文摘Background: Functional mitral regurgitation(MR) is one of the common and severe complications in patients with dilated cardiomyopathy. The detailed mechanisms that cause functional MR remain to be elucidated. Using two-dimensional transthoracic echocardiography, we inves- tigated the differences in major determinants of MR severity between ischemic cardiomyopathy(ICM) and non-ICM patients. Methods: We enrolled 103 patients(91 males; age 64± 12 years) with significant left ventricular(LV) dilatation. They were divided into ICM group(n=69) with significant coronary disease, and non-ICM(n=34) group without coronary disease.
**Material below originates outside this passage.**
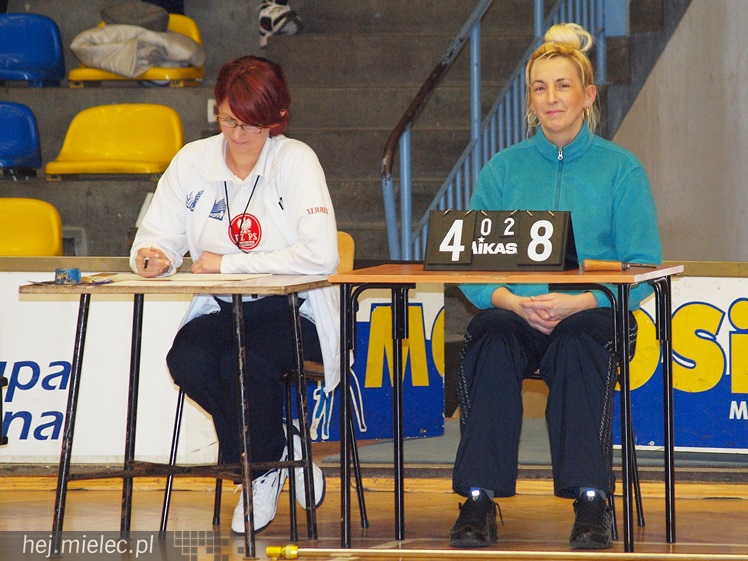 Kolejne zwycięstwo Szóstki Mielec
We devised a novel and simple parameter; the short-axis sphericity index(SI), to evaluate global LV remodeling, and used coaptation depth(CD) and tenting area(TA) to evaluate mitral deformity. Results: In all cases, CD, TA and left atrium diameter(LAD) correlated positively with maximum regurgitation area(MRA)(r=0.54, 0.57, 0.57; P< 0.0001). A negative correlation was observed between MRA and SI(r=-0.33, P=0.0008). There was no significant relationship between MRA and LV ejection fraction(EF). In non-ICM cases, SI tended to be lower with reduced EF.Multivariate stepwise linear regression analysis showed the following equations; ICM: MRA=-9.4 + 0.81CD + 0.21LAD(r2=0.47, P< 0.0001), non-ICM: MRA=-7.2 + 0.17LVDs(LV end systolic diameter)-8.7SI + 0.27LAD(r2=0.63, P< 0.0001). Conclusions: The strongest determinants of functional MR severity differ in ICM and non-ICM. While LV diameter and SI(global LV remodeling index) mainly determine the severity in non-ICM, CD that reflects mitral deformity is the major determinant in ICM.